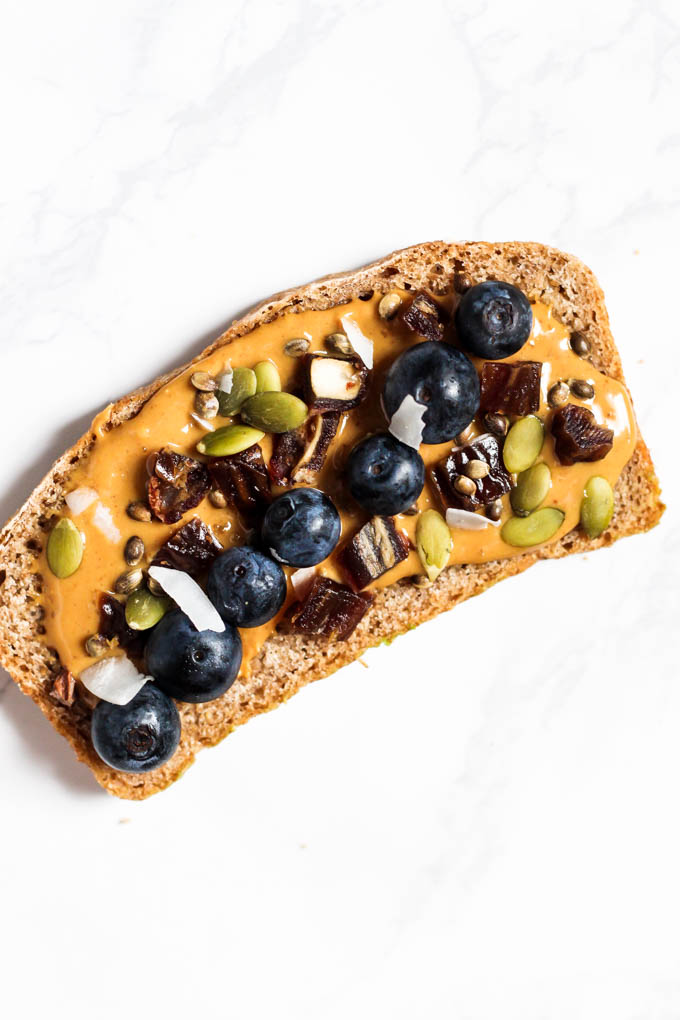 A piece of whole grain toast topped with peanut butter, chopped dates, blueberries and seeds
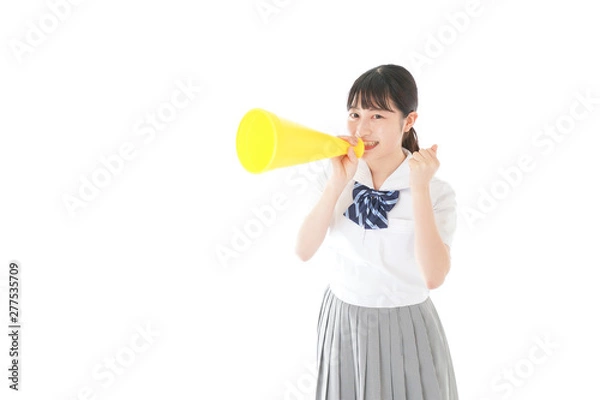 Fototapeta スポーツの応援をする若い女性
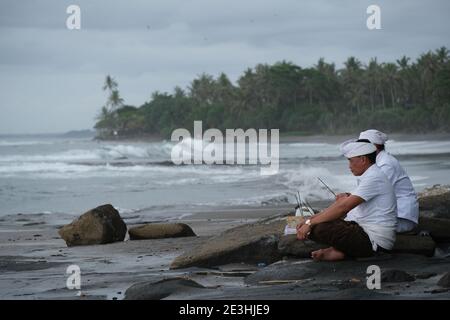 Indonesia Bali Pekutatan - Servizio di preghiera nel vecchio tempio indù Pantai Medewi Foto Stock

- YOUR GOAL -
Give the listing again in full, exactly as it is, but without its images.

- ANSWER BOX -
 A piece of whole grain toast topped with peanut butter, chopped dates, blueberries and seeds
 Fototapeta スポーツの応援をする若い女性
 Indonesia Bali Pekutatan - Servizio di preghiera nel vecchio tempio indù Pantai Medewi Foto Stock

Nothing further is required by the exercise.